La promesa de la autora es, entonces, inmensa. Y las expectativas para los lectores, considerables. Pero más allá de este desajuste, hay algo en el tono de enunciación que aparece un tanto contradictorio con su punto inicial: si la complejidad del mundo y de la experiencia es tal que rebasa las posibles explicaciones que desde diversas trincheras disciplinares pudiesen darse, ¿por qué Siri Hustvedt no convierte sus ensayos en lo que el género le permitiría: ensayar, desde la incertidumbre y la modestia, acerca de un tema en particular? Vienen a cuento ahora las palabras de Lukács: “El ensayo es un juicio, pero lo esencial, lo que determina su valor, no es el veredicto (como sucede con el sistema) sino el proceso de juzgar”.
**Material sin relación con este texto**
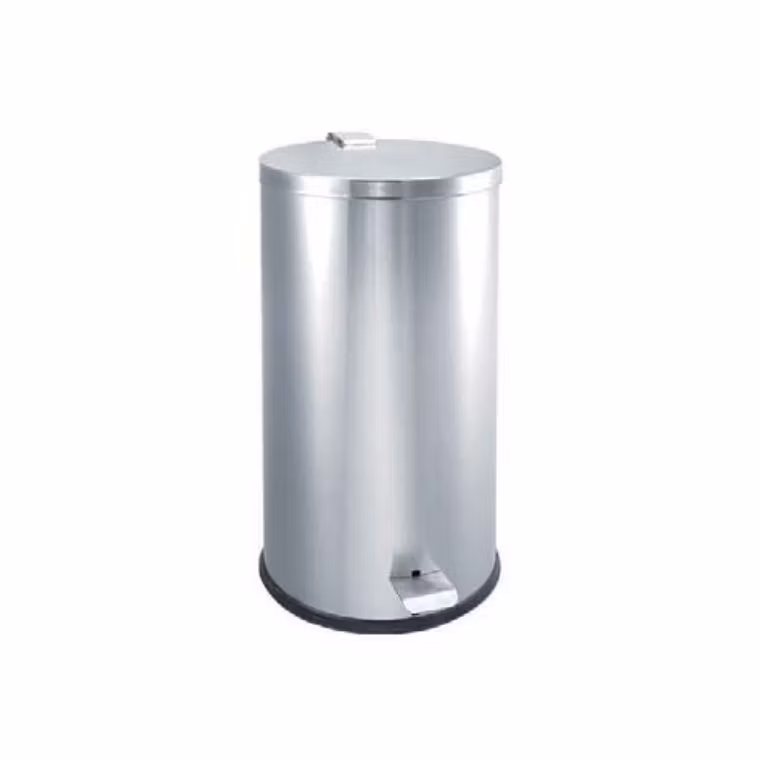 Plastic Trash Rust-Resistant Waste Receptacle Metal Rubbish Bin for Conference Room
Hustvedt, en cambio, recupera en sus textos, una y otra vez, una posición de autoridad que no logra convencer y que incluso resulta desagradable. Cuando se muestra frágil, no es sino para volver fortalecida de ese supuesto momento de debilidad. La tradición ensayística –desde Montaigne hasta Barthes, desde Thoreau hasta Orwell, desde William Hazlitt hasta Simon Leys– abre la posibilidad de hacer de la duda un punto de partida. La escritura se vuelve sinuosa exploración, tanteo –a veces tímido– de asomarse ahí donde no es común hacerlo, meditación personal acerca de un tema, a la manera de una conversación privada que, sin embargo, gracias a la escritura, también es pública. Es ahí donde el género permite la hibridez de las fuentes visitadas: la experiencia vivida se mezcla con lecturas, y las ideas dominantes se enfrentan con la imaginación.
No obstante, en Hustvedt se echa de menos esta exposición a la vulnerabilidad de no saber: en ella sus diversos intereses y su apertura hacia múltiples saberes, tan promisoria al comienzo de la lectura –y que sí logra plasmar con maestría en sus novelas–, no resultan más que en un zapping abrumador. Y este, tras horas de ser practicado, deja una extraña sensación de vacío.